What Does Palm Oil Do in Soap - And Why Sourcing Matters

 
Responsibly sourced palm oil

Palm oil is one of the most effective structural ingredients in natural soap. It hardens the bar, stabilizes the lather, and extends how long the bar lasts in the shower. It's also one of the most controversial agricultural commodities on the planet. Understanding both sides of that equation is worth doing before dismissing it or accepting it uncritically.


What Palm Oil Does in a Soap Formula

Palm oil is a medium-weight oil with a high saturated fat content - primarily palmitic and stearic acids. In a cold process soap formula, those saturated fats do specific work.

Bar hardness - palm oil produces a firm, hard bar that holds its shape and doesn't soften quickly in a wet shower environment. Without a hardening oil in the formula, cold process soap tends to be soft and wear down faster than it should.

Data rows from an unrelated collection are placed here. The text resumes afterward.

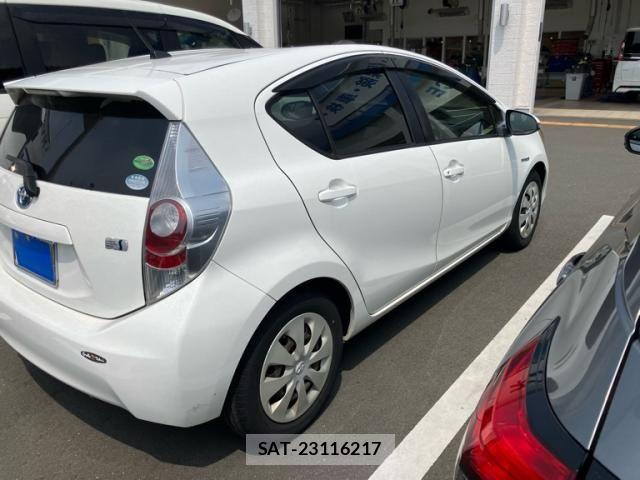 Toyota AQUA 2012-07 8313038-2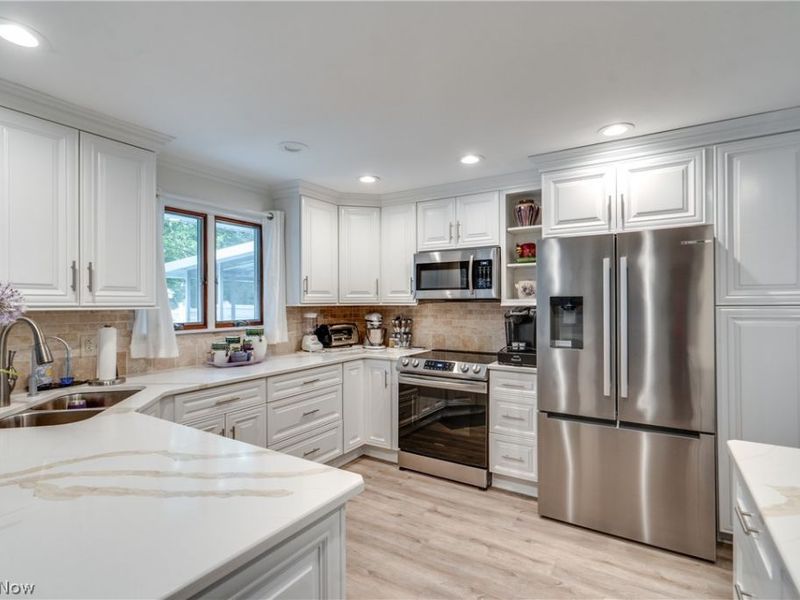 2420 Orchid Street NW, North Canton, OH 44720 Photo 7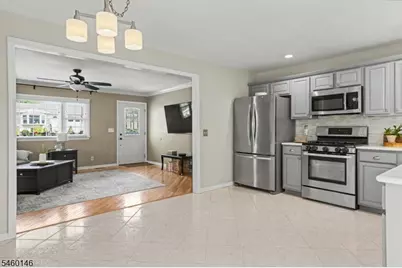 807 Brooklyn Ave, Raritan, NJ 08869 - Photo 7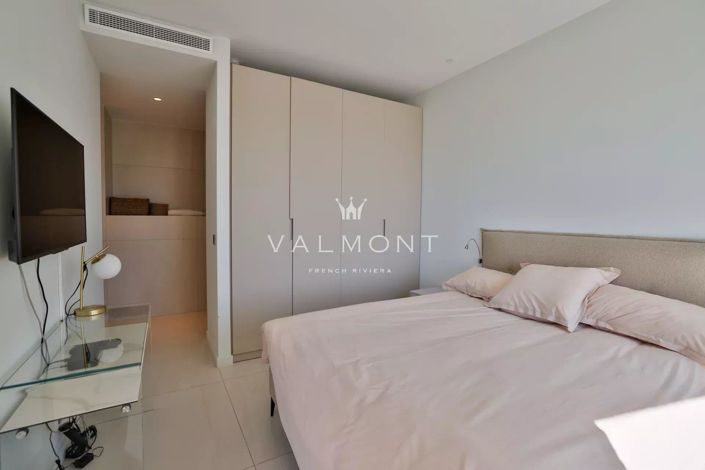 Image No.25-5 Bed House for sale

Lather stability - palm oil contributes to a dense, stable lather that doesn't dissipate quickly. Where coconut oil produces abundant bubbles and olive oil produces a creamier lather, palm oil adds the body and staying power that keeps the lather consistent through a full wash.

Longevity - a bar with palm oil in the formula lasts longer in use. The hardness it contributes means less soap is lost to the water pooling in a soap dish between uses, and the bar maintains its structure from first use to last.

In a well-balanced cold process formula, palm oil works alongside the softer conditioning oils - olive, shea, coconut - providing the structure that lets those oils do their conditioning work without the bar falling apart in the process.


The Controversy Around Palm Oil

Palm oil is the world's most widely produced vegetable oil, which means it's also one of the most significant drivers of tropical deforestation. Clearing land for palm plantations has destroyed habitat across Southeast Asia, contributing to biodiversity loss and significant carbon emissions.

This is a real problem, and it's not resolved by simply avoiding palm oil. The demand for palm oil doesn't disappear when one brand stops using it - it shifts to other suppliers, often less scrupulous ones. And replacing palm oil with alternative oils requires significantly more land to produce the same yield, which carries its own environmental cost.

The more substantive response is sourcing - specifically, sourcing from producers certified to standards that prohibit deforestation, protect biodiversity, and treat workers fairly.


What "Sustainable Palm Oil" Actually Means

The Palm Done Right standard is one of the more rigorous frameworks in sustainable palm certification. It requires that palm oil be sourced from independent farms using agroforestry practices - growing palm alongside other crops rather than in monoculture plantations - with no new deforestation and fair treatment of farming communities.

It's a higher bar than the baseline RSPO certification, which has been criticized for allowing continued deforestation under certain conditions. Palm Done Right specifically prohibits that.

Our bars are made with palm oil that meets the Palm Done Right standard. That means our palm comes from independent farms practicing agroforestry, with no new deforestation, and with fair treatment of the farming communities involved. The choice to keep palm oil in the formula is a deliberate one - it does something in the bar that other oils don't replicate well - and sourcing to that standard is how that choice is made responsibly.


Why We Use It

A Bearsville bar is built on saponified organic coconut, olive, shea butter, sunflower and sustainable palm oils. Each oil is in the formula because it does something specific. Palm oil is what gives the bar its structure, its lather stability, and its longevity in the shower.

Removing it would require reformulating around an alternative that either performs less well or carries its own sourcing complications. The better answer is to use it and source it right.